BabelStream is a benchmark used to measure the memory transfer rates to/from capacity memory. Unlike other memory bandwidth benchmarks this does not include any PCIe transfer time for attached devices. This benchmark is similar in spirit, and based on, the STREAM benchmark [1] for CPUs.

The choice of one programming model over another should ideally not limit the performance that can be achieved on a device. As such there are multiple implementations in a variety of programming models. Currently implemented are:

  • OpenCL
  • CUDA
  • OpenACC
  • OpenMP 3 and 4.5
  • Kokkos
  • RAJA
  • SYCL

As such this tool can be used as a kind of Rosetta Stone which provides both a cross-platform and cross-programming model array of results of achievable memory bandwidth.

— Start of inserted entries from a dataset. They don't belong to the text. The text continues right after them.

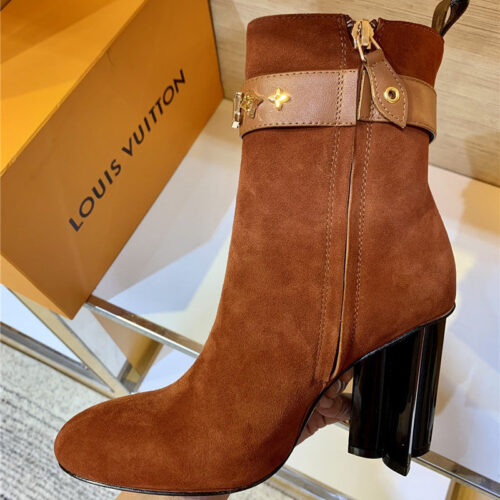 High Quality Luxury Louis Vuitton Leather Boots – Style 02563 product detail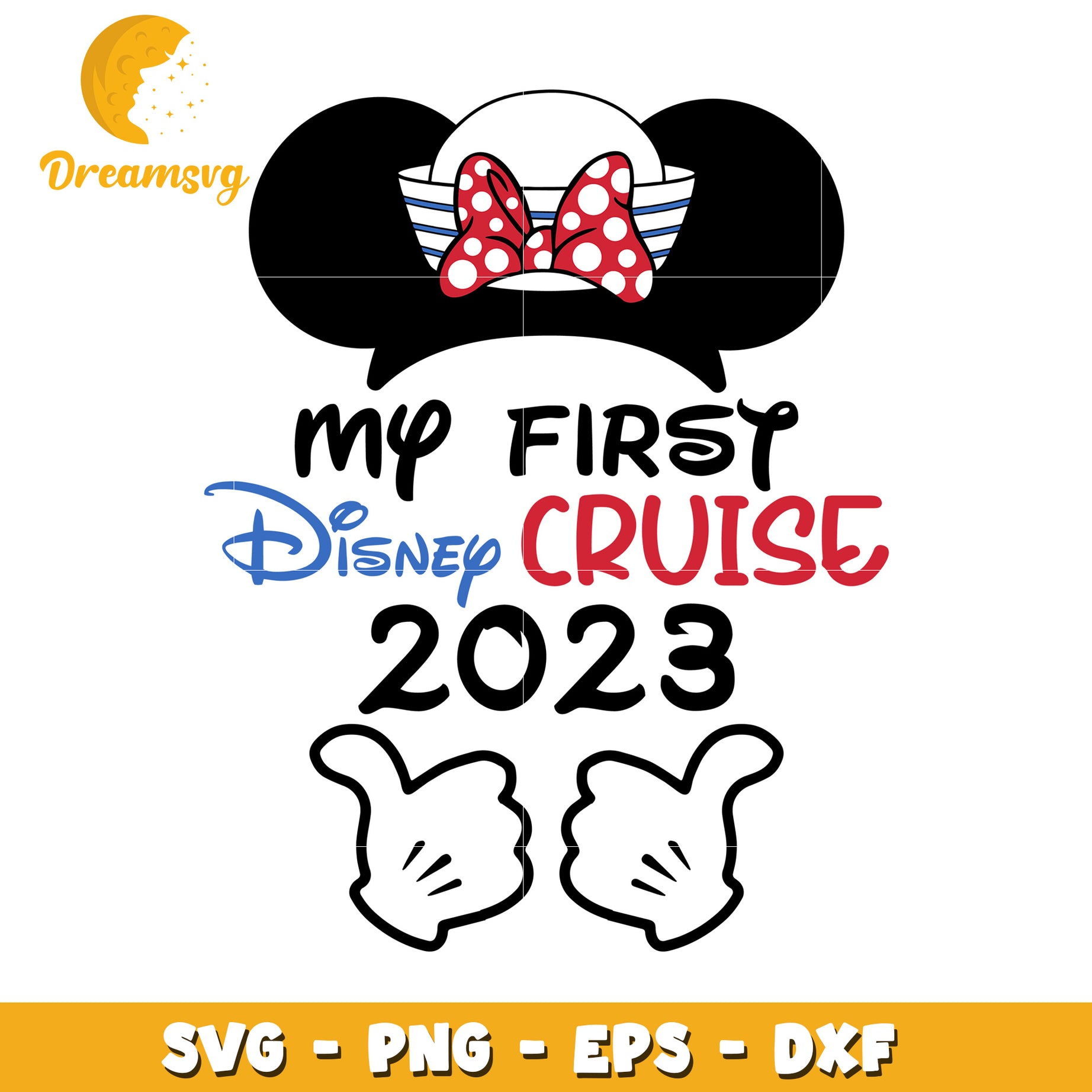 My First Disney Cruise 2023 SVG PNG EPS DXF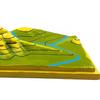 3D Contour Terrain Model, Geography Geomorphology Teaching Aid for Geology Education & Classroom Demonstration view 2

[1]: McCalpin, John D., 1995: “Memory Bandwidth and Machine Balance in Current High Performance Computers”, IEEE Computer Society Technical Committee on Computer Architecture (TCCA) Newsletter, December 1995.


The source code is available on GitHub

Run rules

In order to generate a valid BabelStream result, you should obey the following rules:

  1. The array size must be large enough that increasing the array size does not drastically change the reported bandwidth. If you satisfy this you will no longer be affected by any cache effects.

  2. Each kernel should take a few milliseconds. The resolution of the host timer is probably in milliseconds so each kernel execution should be longer than the timer resolution. Increase the array size if the kernels are too fast. You are unlikely to break this rule if you follow rule 1.

If you see a single BabelStream result, expect this to be the largest bandwidth reported by the benchmark unless stated otherwise.